*** Block opens ***
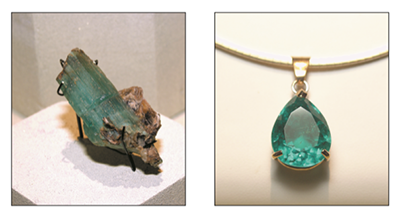 (izquierda) La “ Emperatriz Carolina.&quot; Es una piedra verde rugosa con tierra en los bordes. Son 858 quilates. (derecha) La “Reina de Carolina.” It is a green, tear-dropped cut pendant on a gold chain.  It is18.88-carat.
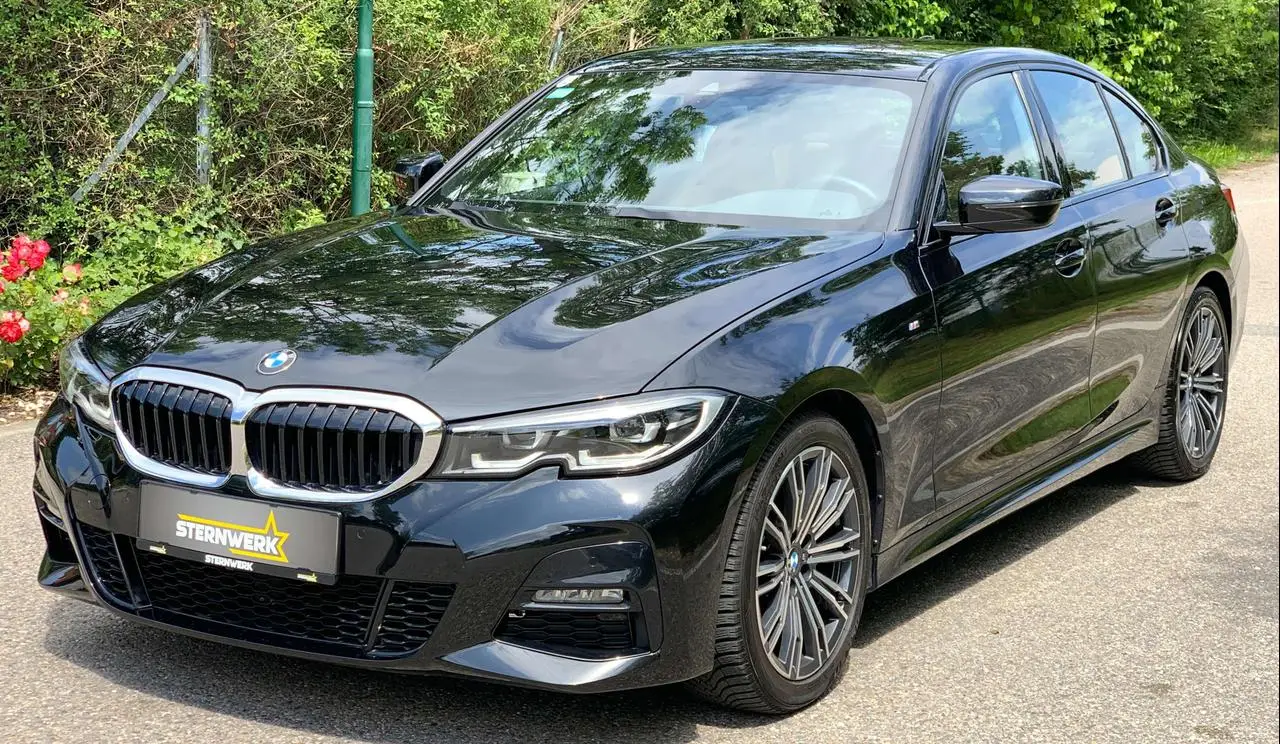 Photo 1 : Bmw Serie 3 2019 Essence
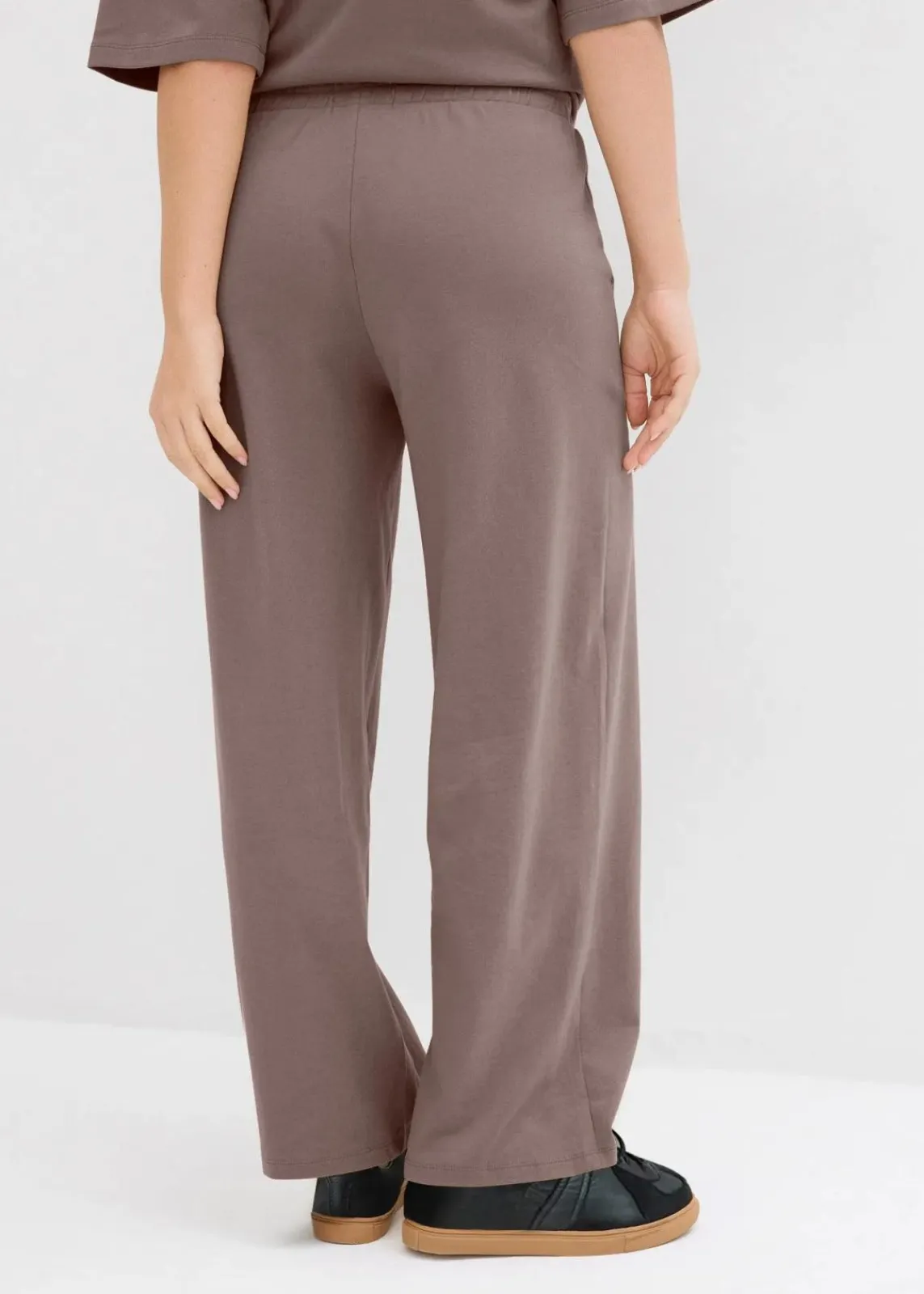 bonprix Bekleidung·Kleider|Nachhaltigere Materialien^Jersey-Hose aus Interlock lehmbraun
*** Block closes ***
● **Assignment**
Would you write out the data exactly, with no pictures in the copy?

● **Solved exercise**
 (izquierda) La “ Emperatriz Carolina.&quot; Es una piedra verde rugosa con tierra en los bordes. Son 858 quilates. (derecha) La “Reina de Carolina.” It is a green, tear-dropped cut pendant on a gold chain.  It is18.88-carat.
 Photo 1 : Bmw Serie 3 2019 Essence
 bonprix Bekleidung·Kleider|Nachhaltigere Materialien^Jersey-Hose aus Interlock lehmbraun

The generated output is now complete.